As per Appendix A to Ind AS 109, when calculating the EIR, an entity shall estimate the expected cash flows by considering all the contractual terms of the financial instrument (for example, prepayment, extension, call and similar options) but shall not consider the expected credit losses. The calculation includes all fees and points paid or received between parties to the contract that are an integral part of the effective interest, transaction costs, and all other premiums or discounts.

Analysis

Ind AS 109 provides that in applying the EIR method, an entity identifies transaction costs and fees that are an integral part of the EIR of a financial instrument.
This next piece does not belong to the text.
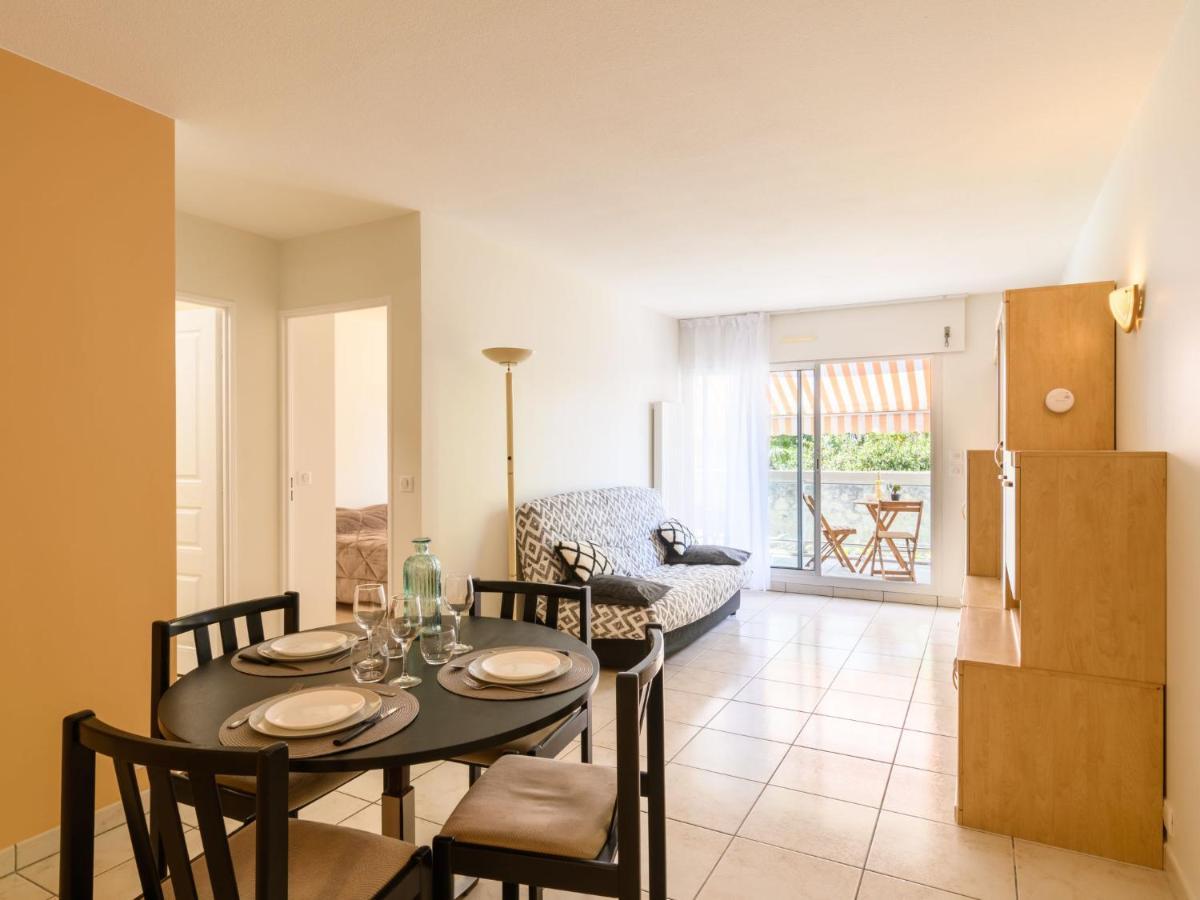 Apartment Agena-3 By Interhome Arcachon Luaran gambar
Fees that are an integral part of the EIR of a financial instrument are treated as an adjustment to the EIR, unless the financial instrument is measured at fair value, with the change in fair value being recognised in profit or loss.
In addition, Ind AS 109 provides examples of fees that are an integral part of the EIR of a financial instrument. Origination fees paid on issuing financial liabilities measured at amortised cost is an example of fees that is an integral part of EIR method. While transaction costs include fees and commission paid to agents (including employees acting as selling agents), advisers, brokers and dealers, levies by regulatory agencies and security exchanges, and transfer taxes and duties, transaction costs do not include debt premiums or discounts, financing costs or internal administrative or holding costs.

Additionally, transaction costs are incremental costs that are directly attributable to the acquisition or issue of a financial liability. Ind AS 109 further clarifies that an incremental cost is one that would not have been incurred if the entity had not acquired or issued the financial instrument.
In the context of given case, EAC concluded on the basis of the guidance in Ind AS 109, the guarantee fee paid to GOI (initially as well as subsequently) is an incremental cost which is directly attributable to the acquisition of the loan facility as this cost would not have been incurred if the company had not incurred the loan liability. Additionally, the terms of loan agreement specify that the guarantee provided by the GOI in this case is a precondition for obtaining and continuing with the loan facility. Therefore, the financial guarantee fee paid (initially as well as subsequently) by the company should be considered for computation of EIR while measuring the loan liability at amortised cost to comply with Ind AS 109.

Conclusion

The companies should evaluate the costs incurred in relation to borrowings for determining whether the costs incurred are incremental costs and are directly attributable to the acquisition or issue of a financial liability. Consider all the relevant facts and circumstances and available guidance while arriving at an appropriate conclusion.